Cümleye “Ben, kendim…” diye başlarken…
Kendinle bir adım atarken…
Hayata bakışını zorlaştıran, o kilit vurduğun pencerenin açılışı kolaylaşacakken; dolayısıyla tüm hayatın…
Ve yaşamak; hem de hayata karışmadan...
Mümkün müdür sence bu iki kelimeyi bir arada yaşanır kılmak?
Belki sadece bir cümle de…
Ki hayal dünyasının bile mantığı kabul etmezken…
İşte... Hayattan koparcasına oluruna bırakmayı gerçekten mümkün sanırsın. Aradığın, sözde derdine derman o kapıyı kendin çoktan çizmişsindir. Arayan sen, o kapı da kim bilir kim; kim bilir nereye açılıyor? Senden uzak ve hayatta… Gerçekten böyle yaşamak nasıl bir şeydir ya da "Ben böyle yaşıyorum. Karışmıyorum hiçbir şeye; dert, keder uzak dursun benden. Dâhil değilim bir şeylere, içinde değilim her şeyin ve çok huzurluyum. Yanlışlarım, doğrularım… Olduğu gibi, olurunda hepsi… Kim ne yaparsa yapsın. Düşünmüyorum bir şey. Yormuyorum kendimi." diyen biri, bunu ne ölçüde; nasıl başarabiliyordur? Merak edersin. Ancak sana göre de değildir bu. Farkındasındır aslında. Hayatın devam ederken, tükenene kadar sen de varsın çünkü. Sen olmadan, sen seni ilerletmeden… Sanırım, “Böyle bir şey olmaz.” diye yorum yaptırtmamak gerekir.

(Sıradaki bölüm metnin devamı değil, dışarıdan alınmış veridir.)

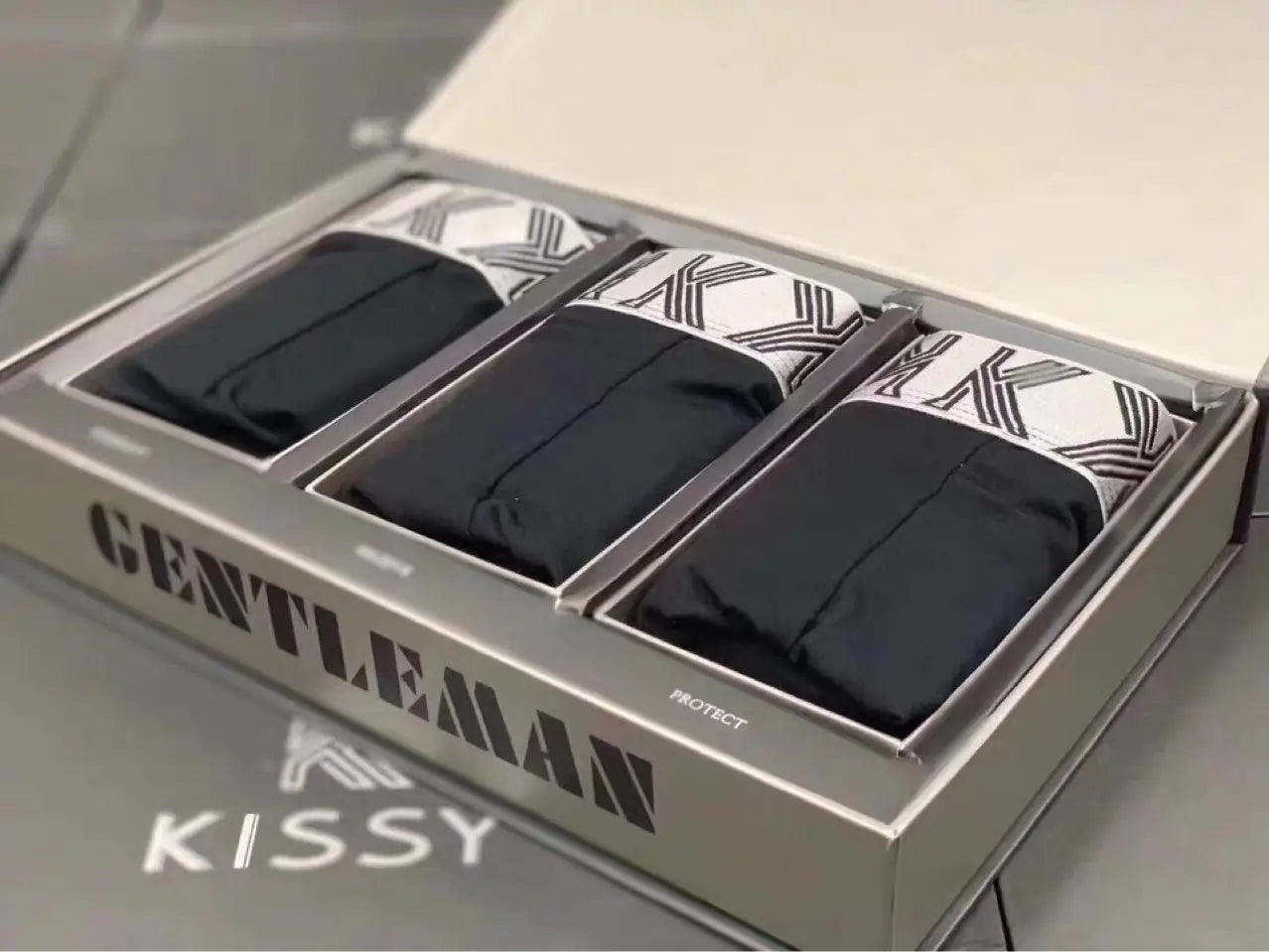 Men's Graphene Antibacterial Seamless Underwear (Kissy)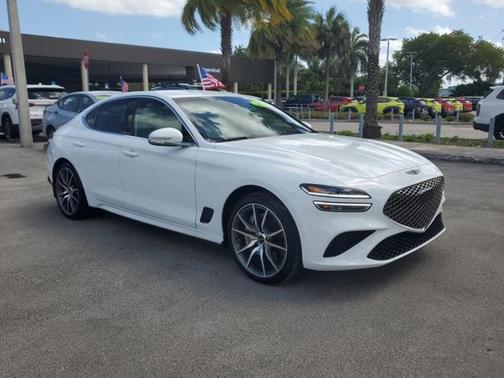 2025 Genesis G70 2.5T RWD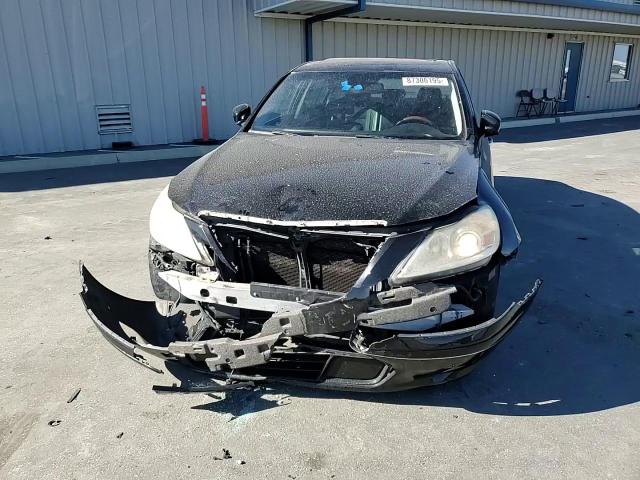 2011 Hyundai Genesis 4.6L VIN: KMHGC4DF5BU133307 Lot: 87306195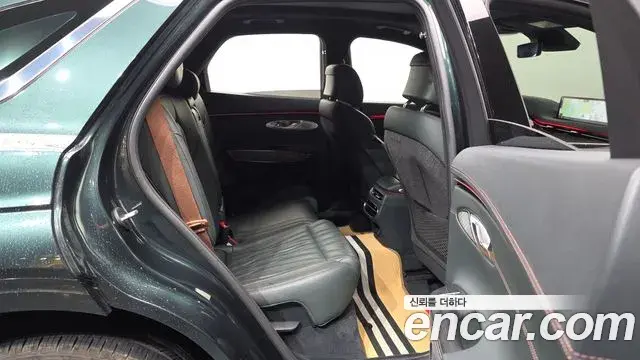 Genesis GV70 2021 — Şəkil 20/38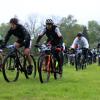Die Bierzeltgarnituren im Start-Ziel-Bereich des Auerberg-Mountainbike-Marathons in Kaufbeuren blieben zusammengeklappt. An ein gemütliches Beisammensein war am Sonntag wahrlich nicht zu denken. Unaufhörlich tröpfelte es vom Himmel, mal weniger stark, meist aber in beachtlichem Ausmaß. „Wir sind froh, dass das Rennen überhaupt stattfinden konnte“, sagte Organisator Sascha Braun angesichts der bescheidenen Witterungsbedingungen. Rund 470 Anmeldungen hatte er bis zum Sonntagmorgen entgegengenommen, knapp 300 Finisher waren es letztlich. Eine sehr erfreuliche Anzahl, wie er sagte.

Mehr über das Thema erfahren Sie in der Montagsausgabe der Allgäuer Zeitung, Ausgabe Kaufbeuren, vom 13.05.2019.

Die Allgäuer Zeitung und ihre Heimatzeitungen erhalten Sie
in den jeweiligen AZ Service-Centern
im Abonnement
oder digital als e-Paper
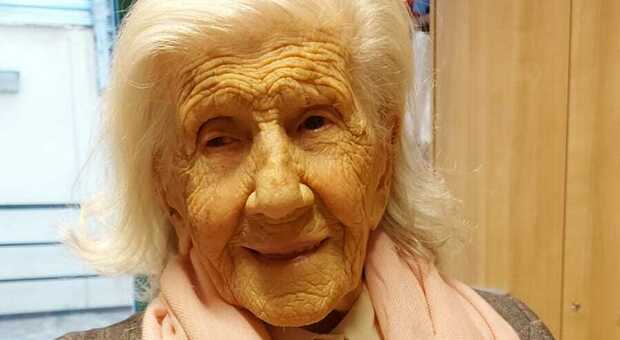 Covid, nonna Fiorina ( 108 anni): «Ho già vinto la Spagnola, con il vaccino sconfiggo il virus»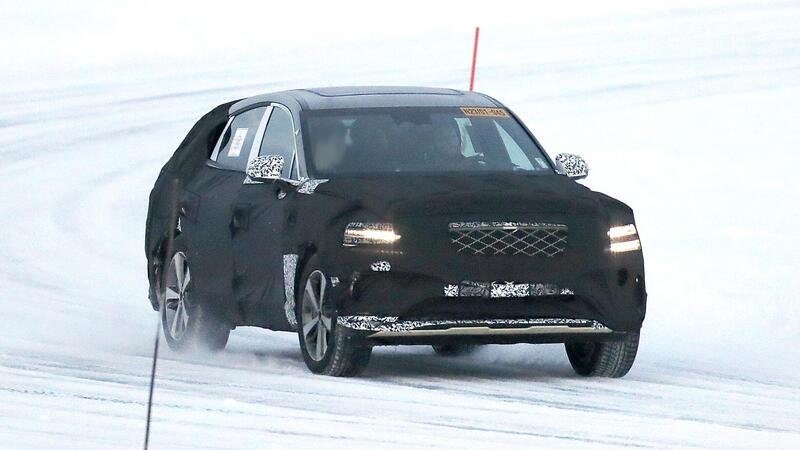 Genesis GV80 Coup&eacute;, ecco le foto spia del nuovo Suv Coup&eacute;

Şimdi o çizdiğin kapıyı sil. Silgi burada fazlasıyla işe yarayacak. Çünkü o çizdiğin kapıdan girmedin; gerçekleşmedi.
Bu hayat senin hayatın. Bir başkasının değil, bir başkası nefes almıyor senin yerine.
Bir başkası telafi edemez; alamadığın nefeslerini. Veremez; içinde tuttuklarını…
Sen yaşa, sen karış; hayatın içinde ol.
Sen barış önce kendinle. Göreceksin, çevren de bir olacak seninle.
Kapına bir tek kendin anahtar olacaksın.